Os alunos do 1º ano G foram ao Parque Ibirapuera, no Pavilhão Japonês, para estudarem e ampliarem os conhecimentos acerca desse povo. A saída fez parte do Projeto Integrador de Série: “Crianças em qualquer canto: um olhar para diversidade”. A turma está conhecendo a diversidade e os modos de vida de diferentes povos.

O projeto despertou um olhar profundo sobre as preferências pessoais das crianças. Depois, elas se debruçaram sobre os gostos dos colegas da classe, e essa pesquisa se estendeu aos demais alunos da Escola. Num primeiro momento, notaram que a diversidade nos cerca, e que todos devem ser respeitados. Em seguida, fizeram pesquisas sobre as crianças da Fundação Casa Grande em Nova Olinda (Ceará), e, posteriormente, da tribo Ikpeng, no Xingu. “A turma estudou questões como: do que gostavam, como viviam, o que comiam, a cultura e como era o ambiente. Quando estudamos sobre o Xingu e os indígenas, recebemos a visita da antropóloga Maria Beatriz, que nos ajudou a ter mais conhecimento sobre”, explica a professora do 1º ano G, Eloah Pinheiro.

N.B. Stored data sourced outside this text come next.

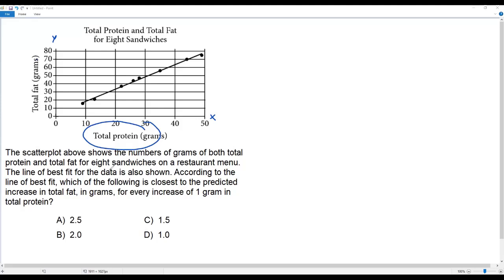So now our aim is to find the slope of the line of best fit. For that, I need two points on the line of best fit. Let me choose two points on the line of best fit.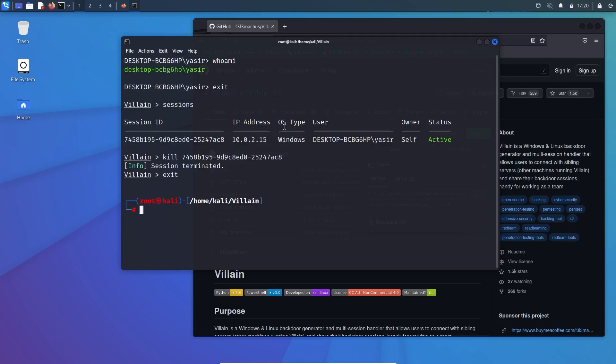So this was a small video. Use this video only for the educational purpose within your own authorized environment, with your own authorized network. Do not attempt this onto any other network of which you are not authorized.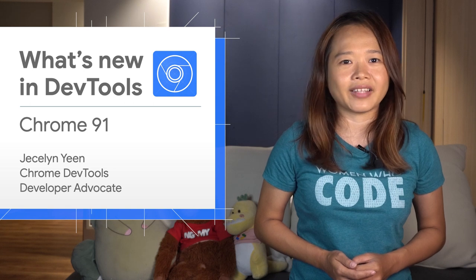Hi everyone, I'm Jessalyn. Let's dive into what's new in DevTools in Chrome 91.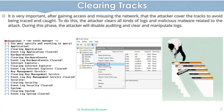The next step is Clearing Tracks. It is very important after gaining access and misusing the network that the attacker covers their tracks to avoid being traced and caught. The attacker will clear the logs and tracks so that they cannot be traced later on.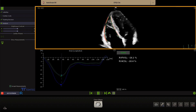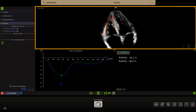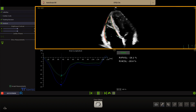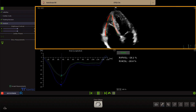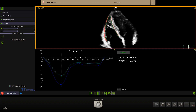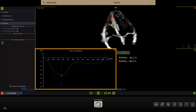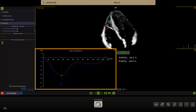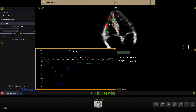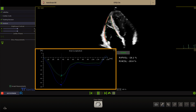On top you see the RV-focused apical 4-chamber view. The contour position and tracking can be reviewed on the dynamic 2D loop.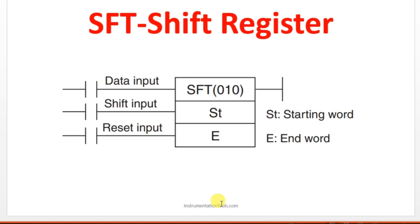Another one is shift input, which is when we have to move. Whenever this shift input is coming, we are moving a bit one time.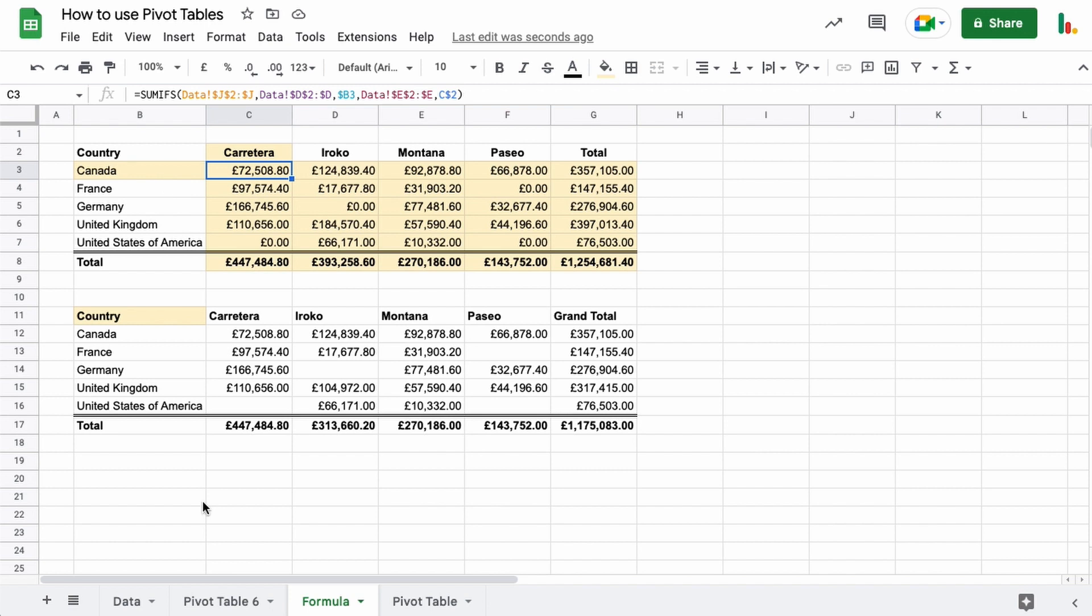What's your thoughts? Do you feel that you'd want to use pivot tables, or do you like the formulas, or maybe you like a combination of both like me? Put your comments down below, it'd be interesting to see what you think.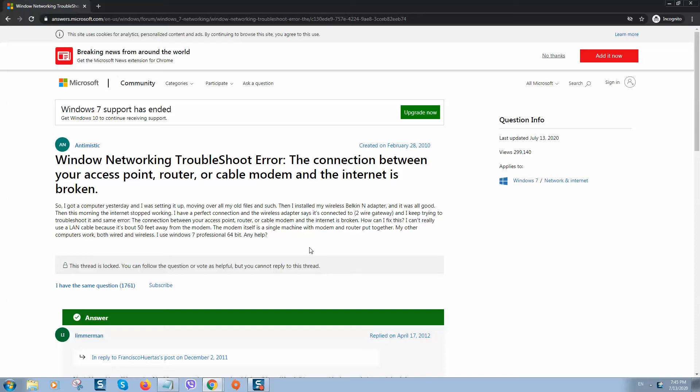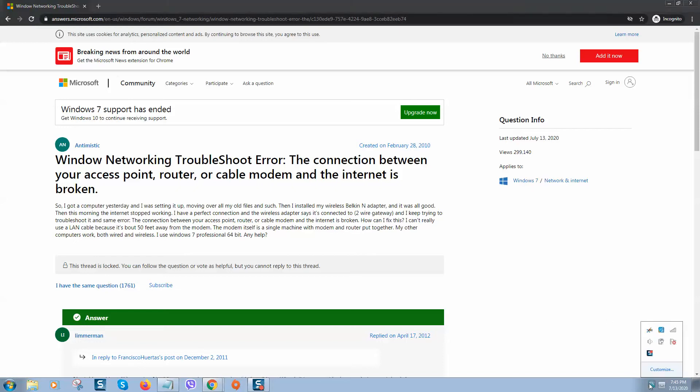What's up guys, today we'll talk about WiFi problems and Windows networking troubleshoot errors. The connection between your access point, router, or cable modem and the internet is broken. If you click here, you can see that my internet is working okay, but sometimes you can see a yellow sign. If you right-click...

Após essa etapa dentro do Brasil, cada turma do 1º ano foi convidada a se aprofundar nas pesquisas sobre um país, e o 1ºG estudou o Japão. “Nós vimos como eles vivem, suas escolas, as lendas e cultura de lá, como o país é organizado geograficamente, e, a partir disso, decidimos que seria interessante a visita ao Pavilhão Japonês para eles conhecerem outras características dos japoneses”, comenta a professora.

O Pavilhão Japonês foi inspirado no Palácio Katsura, em Quioto, e entregue no quarto centenário da cidade de São Paulo. O lugar traz memórias da cultura japonesa, apresentadas por meio de exposições com peças de cerâmica, trajes de guerreiros e outros objetos característicos. “A vivência permitiu aos alunos observarem um pouco da arquitetura do lugar, os utensílios, a cerâmica e muitas outras coisas que complementaram o projeto de série”, diz Eloah. Além disso, eles também visitaram o espaço onde ficam as carpas e puderam alimentá-las.

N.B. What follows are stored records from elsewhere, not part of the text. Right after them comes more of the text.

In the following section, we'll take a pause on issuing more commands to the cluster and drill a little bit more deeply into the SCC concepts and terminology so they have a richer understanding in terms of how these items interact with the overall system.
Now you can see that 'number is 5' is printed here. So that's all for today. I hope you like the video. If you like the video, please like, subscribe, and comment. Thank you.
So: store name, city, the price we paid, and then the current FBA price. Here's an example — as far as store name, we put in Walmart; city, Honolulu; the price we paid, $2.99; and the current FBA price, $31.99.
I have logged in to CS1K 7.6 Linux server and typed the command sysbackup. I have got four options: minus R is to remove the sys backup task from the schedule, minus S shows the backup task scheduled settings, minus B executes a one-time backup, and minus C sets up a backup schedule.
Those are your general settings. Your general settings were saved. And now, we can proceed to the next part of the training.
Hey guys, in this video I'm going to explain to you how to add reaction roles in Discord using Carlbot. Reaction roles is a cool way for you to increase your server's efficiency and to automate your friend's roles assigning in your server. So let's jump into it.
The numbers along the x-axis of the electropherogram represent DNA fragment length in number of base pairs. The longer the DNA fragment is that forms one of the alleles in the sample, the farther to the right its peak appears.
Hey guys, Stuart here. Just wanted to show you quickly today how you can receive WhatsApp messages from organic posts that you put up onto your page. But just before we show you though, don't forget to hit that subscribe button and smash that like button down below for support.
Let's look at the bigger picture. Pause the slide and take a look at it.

Antes da saída, os alunos de cada turma preparam suas salas, conforme o país escolhido, para apresentarem tudo o que haviam aprendido aos colegas. Agora, os alunos do 1ºG irão fazer um resgate do que viram e produzirão textos refletindo sobre o que aprenderam.

“O resultado do trabalho foi incrível. Eles se envolveram muito! O fato de ser um país distante do Brasil fez com que o interesse fosse ainda maior, fazendo com que trouxessem elementos de casa, que visitassem o bairro da Liberdade para complementar. Eles amaram o espirito japonês de perseverança e tranquilidade”, destaca a professora.